Tutorial (Cfpeek User Manual)

In the examples, ‘$’ represents a typical shell prompt. It precedes lines you should type. Both command line and lines which represent the program output are shown in ‘this font’.

In examples, the ⇒ symbol indicates the value of a variable or result of a function invocation, as in:

3.1 Basic Notions

A structured configuration file contains entities of two basic types. First of them is simple statement. A simple statement conceptually consists of an identifier (or keyword) and a value. Depending on the syntactic requirements, some special token may be required between them (such as an equals sign, for example), or at the end of the statement. The value, though we use the term in singular, is not necessarily a single scalar value, it may as well be a list of values (the exact form of that list depends on the particular syntax of the configuration file).

Another basic entity is compound statement, also known as block statement or section. Compound statement is used for logical grouping of other statements. It consists of identifier, an optional tag and a list of statements. The tag, if present, is similar to the value in simple statements.
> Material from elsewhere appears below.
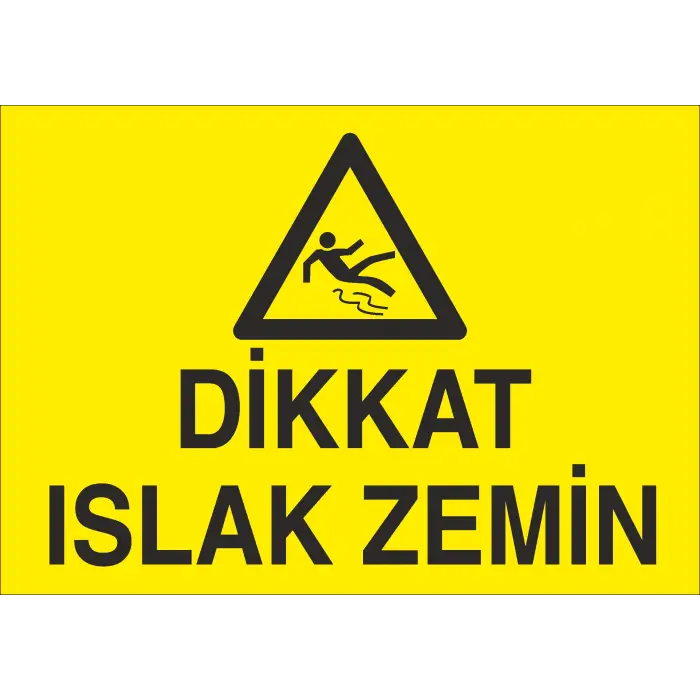 Dikkat Islak Zemin İş Güvenliği Uyarı Levhası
The same notes that we made about values apply to tags as well. Tags serve to discern between the statements having the same identifier. The list of statements may include statements of both kinds: simple as well as compound ones. Thus, compound statements form a tree-like structure of arbitrary depth, with simple statements as leaf nodes.

Each compound statement can have any number of subordinate statements, which are called its child statements. Each statement (no matter simple or compound) has only one parent statement, i.e. a compound statement of which it is a child.

A special implicit statement, called root statement, serves as the parent for the statements at the topmost level of hierarchy.

3.2 Pathnames

Given this hierarchical structure, each statement can be identified by the list of keywords and values (when present) of all compound statements that must be traversed in order to reach that statement. Such a list, written according to a set of conventions, is called a full pathname of the statement. The conventions are:

A pathname which begins with a component separator (‘.’) is called absolute pathname and identifies the statement with relation to the topmost level of hierarchy.

A pathname beginning with an identifier is called relative and identifies the statement in relation to the statement represented by that identifier.

3.3 Example Configuration

The following configuration file will assist us in further discussion. Its syntax is fairly straightforward:

A simple statement is written as identifier followed value. The two parts are separated by any amount of whitespace. Simple statements are terminated by semicolon.

A compound statement is written as identifier followed by a list of subordinate statements in curly braces. A tag (if present) is put between the identifier and the opening curly brace.

These syntax conventions roughly correspond to the Grecs configuration format, which cfpeek assumes by default (see grecs).

user smith;
group mail;
pidfile "/var/run/example";

logging {
    facility daemon;
    tag example;
}

program a {
    command "a.out";
    logging {
        facility local0;
        tag a;
    }
}

program b {
    command "b.out";
    wait yes;
    pidfile /var/run/b.pid;
}

Example 3.1: Sample configuration file

3.4 Listing the Entire File

The only argument cfpeek requires is the name of the file to parse. If no other arguments are given, it produces on the standard output a listing of that file in pathname-value form. Each simple statement in the input file is represented by a single line in the output listing. The line consists of two main parts: the full pathname of that statement and its value. The two parts are separated by a colon and space character. For example:

$ cfpeek sample.conf
.user: smith
.group: mail
.pidfile: /var/run/example
.logging.facility: daemon
.logging.tag: example
.program="a".command: a.out
.program="a".logging.facility: local0
.program="a".logging.tag: a
.program="b".command: b.out
.program="b".wait: yes
.program="b".pidfile: /var/run/b.pid

This output can be customized via the --format (-H) command line option. This option takes a list of output flags, each of which modifies some aspect of the output. Most output flags are boolean, i.e. they enable or disable the given feature. To disable the feature, the flag must be prefixed with ‘no’.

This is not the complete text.